BEGIN SUPPLIED DATA

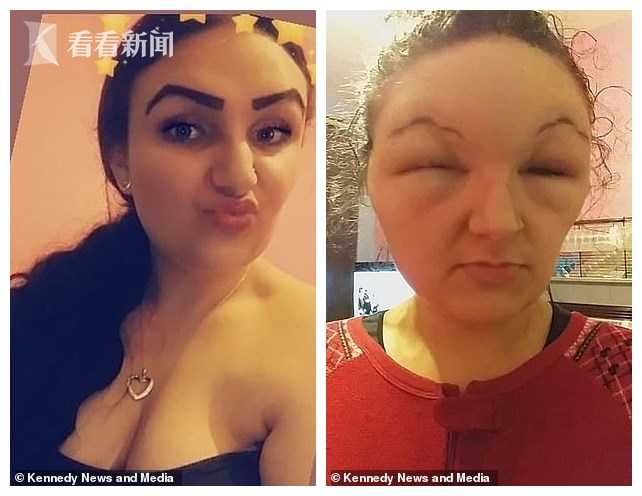 18岁女子染发剂过敏脸肿大一倍像“怪物”眼睛两天睁不开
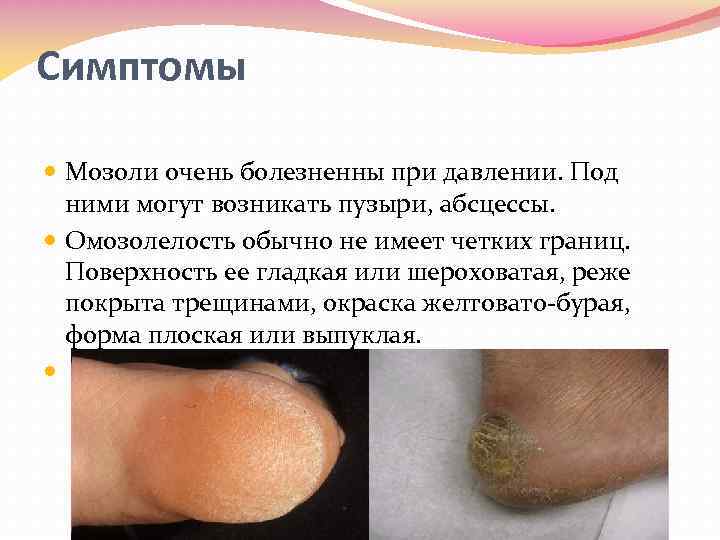 Симптомы Мозоли очень болезненны при давлении. Под ними могут возникать пузыри, абсцессы. Омозолелость обычно
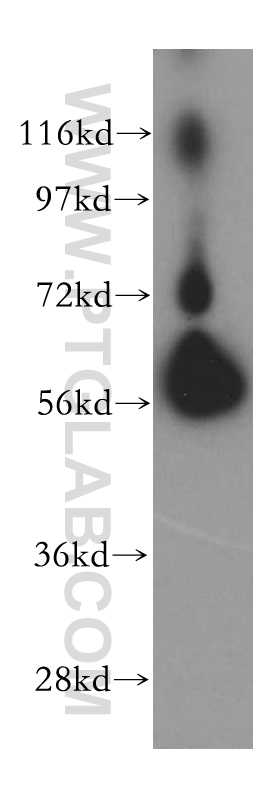 Western Blot (WB) analysis of NIH/3T3 cells using BTN2A2 Polyclonal antibody (16482-1-AP)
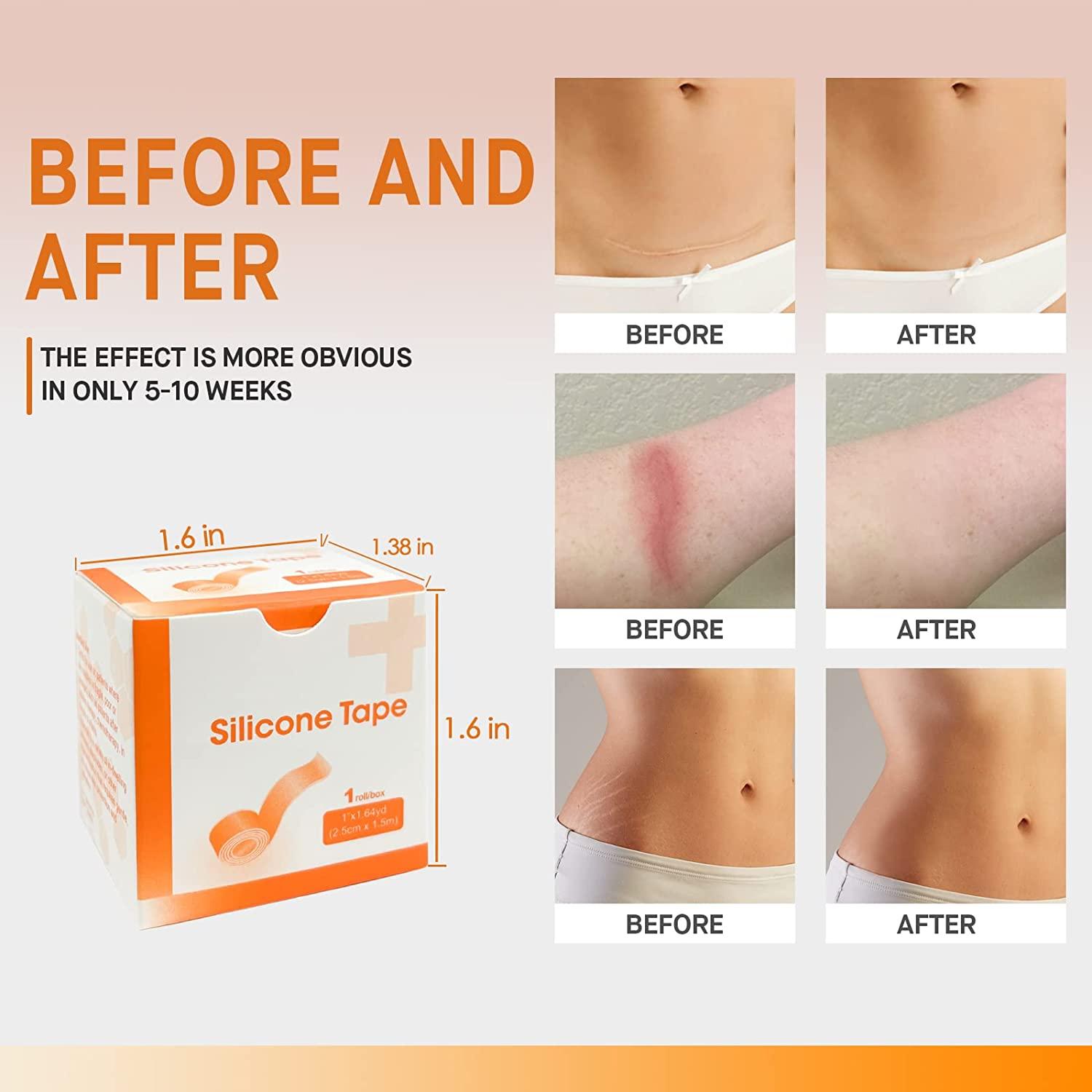 Silicone Scar Tape (1" x 60"Roll),Medical Silicone Tape for Scars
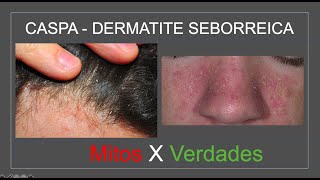 CASPA  DERMATITE SEBORREICA Mitos e Verdades  Com Luiz Gameiro dermatologista [upl. by Kittie481]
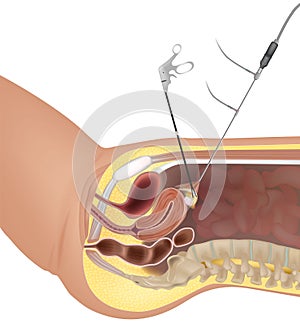 Gynaecological Laparoscopy procedure. Laparoscopic instruments. Surgery. Fertilization by extracting eggs.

END SUPPLIED DATA

TASK DIRECTIONS:
Make an exact copy of the records above, one that has none of the pictures.

SOLUTION TO THIS PROBLEM:
 18岁女子染发剂过敏脸肿大一倍像“怪物”眼睛两天睁不开
 Симптомы Мозоли очень болезненны при давлении. Под ними могут возникать пузыри, абсцессы. Омозолелость обычно
 Western Blot (WB) analysis of NIH/3T3 cells using BTN2A2 Polyclonal antibody (16482-1-AP)
 Silicone Scar Tape (1" x 60"Roll),Medical Silicone Tape for Scars
 CASPA  DERMATITE SEBORREICA Mitos e Verdades  Com Luiz Gameiro dermatologista [upl. by Kittie481]
 Gynaecological Laparoscopy procedure. Laparoscopic instruments. Surgery. Fertilization by extracting eggs.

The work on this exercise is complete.